In the midst of their latest controversy --over whether or not Sean Marks received an offer to become the team's GM-- the Nets opened their nearly $50 million HSS Training Center, with the most modern amenities and a staggering view of the New York skyline.

"It’s state of the art; it’s everything that they said it was going to be," Wayne Ellington told beat writers Wednesday night before the Nets practiced here for the first time ever.

"It’s impressive," said Ellington, who has also played for the Timberwolves, Grizzlies, Cavaliers, Mavericks and Lakers. "I’ve been on a lot of teams around the league so far. This is unmatched. This is beautiful."

"This definitely is tempting [for free agents]," said Joe Johnson. "It helps. If that’s what you want to know, it helps."

"That’s what most players want anyway," Thaddeus Young said. "They just want owners that care and owners that put the money toward the team and try to help build a great brand and a great team."

The 70,000 square foot facility has been under construction and under the guidance of Irina Pavlova, Prokhorov's New York rep and president of ONEXIM Sports and Entertainment, for nearly two years. And while many of its amenities were well-publicized and renderings widely viewed, the finished product produced some ooh's and ah's.

Moreover, the opening --and the team's first practice late Wednesday afternoon-- also produced some history.

"At last the Nets are completely integrated into Brooklyn," said Mikhail Prokhorov. "Our arena, our offices and now the HSS Training Center are all part of this great borough, including its vibrant Sunset Park community. Team training and player development are essential parts of our team's core values and we look forward to building a winning culture on this stunning foundation."

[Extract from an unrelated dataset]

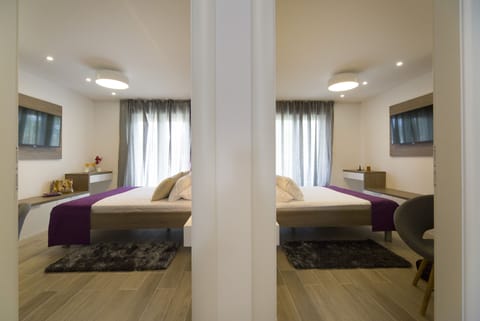 Deluxe Apartment | 2 bedrooms, in-room safe, desk, laptop workspace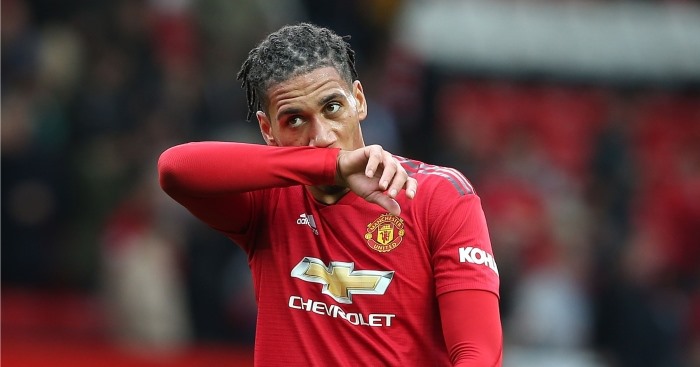 Smalling không đủ tầm để lĩnh xướng hàng thủ. Ảnh: Goal.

Mayor Bill DeBlasio welcomed the team. "With this new training center in Sunset Park, the Brooklyn Nets are now truly making Brooklyn their home," said de Blasio, before turning to the players and telling them " the Nets are contributing greatly to what's happening in Brooklyn."

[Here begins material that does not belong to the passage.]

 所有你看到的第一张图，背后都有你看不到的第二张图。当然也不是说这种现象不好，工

There were some interesting details left for the opening, like the custom-made oversized sofas and chairs in the players' lounge, the 8-foot high shower heads measured so Brook Lopez doesn't have to duck, and touch screens everywhere for coaches to stop and show players their mistakes.  With the practice courts at the center of the facility, Nets officials pointed out that one side was all about the players --their lounges, their lockers, their weight rooms while the other was the staff's preserve, the coaches, the GM (whoever he may be) and staff, with banks of computers and conference room.

Nothing was more spectacular than the 16-foot high windows on the 8ith floor facility's northern perimeter, offering views from the Statue of Liberty and Jersey City skyline past Lower Manhattan and the World Trade Center to the broad brownstone expanse of Brooklyn and Queens.

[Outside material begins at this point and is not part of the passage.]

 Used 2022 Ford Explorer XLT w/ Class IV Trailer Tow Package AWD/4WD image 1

Among those present today was NBA Deputy Commissioner Mark Tatum who said he could see his old high school, Brooklyn Tech, from the facility.  Tatum told NetsDaily that the facility should help with "recruiting and retention" of players but also will show a level of commitment by ownership.

"It gives us all great satisfaction to see the project come to life and we hope it will be a source of pleasure and positivity for the entire neighborhood." said Pavlova.

Leo Ehrline, the Nets longtime chief administrative officer, put it differently. "We're not in New Jersey anymore."